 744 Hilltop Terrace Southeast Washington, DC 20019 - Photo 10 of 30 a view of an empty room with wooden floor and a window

++++++++++++++++++++

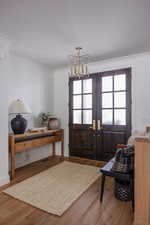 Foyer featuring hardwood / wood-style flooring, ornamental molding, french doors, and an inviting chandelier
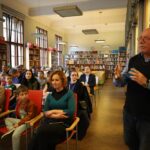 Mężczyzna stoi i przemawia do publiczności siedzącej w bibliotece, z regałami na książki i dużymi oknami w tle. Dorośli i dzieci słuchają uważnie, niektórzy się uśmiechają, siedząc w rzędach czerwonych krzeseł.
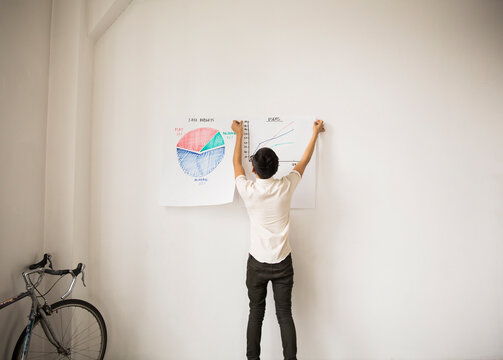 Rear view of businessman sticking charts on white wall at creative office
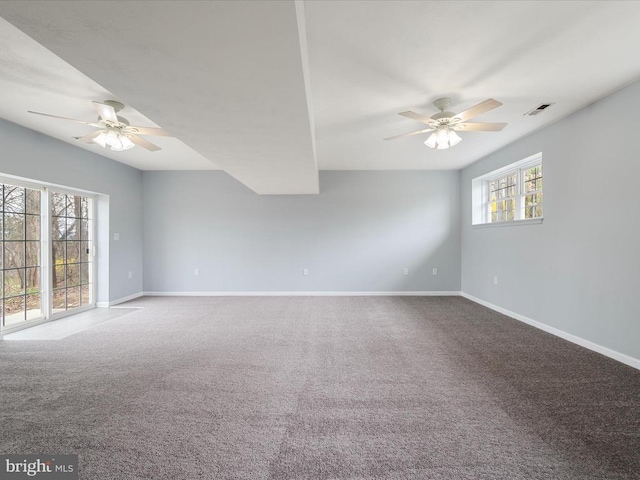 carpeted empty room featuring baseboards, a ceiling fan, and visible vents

++++++++++++++++++++

_PROBLEM DESCRIPTION_.
In the listing above, find the line containing "Mężczyzna stoi i" and the line containing "carpeted empty room", then write out both of them and every line between, exactly, with no pictures.

_WRITTEN REPLY_.
 Mężczyzna stoi i przemawia do publiczności siedzącej w bibliotece, z regałami na książki i dużymi oknami w tle. Dorośli i dzieci słuchają uważnie, niektórzy się uśmiechają, siedząc w rzędach czerwonych krzeseł.
 Rear view of businessman sticking charts on white wall at creative office
 carpeted empty room featuring baseboards, a ceiling fan, and visible vents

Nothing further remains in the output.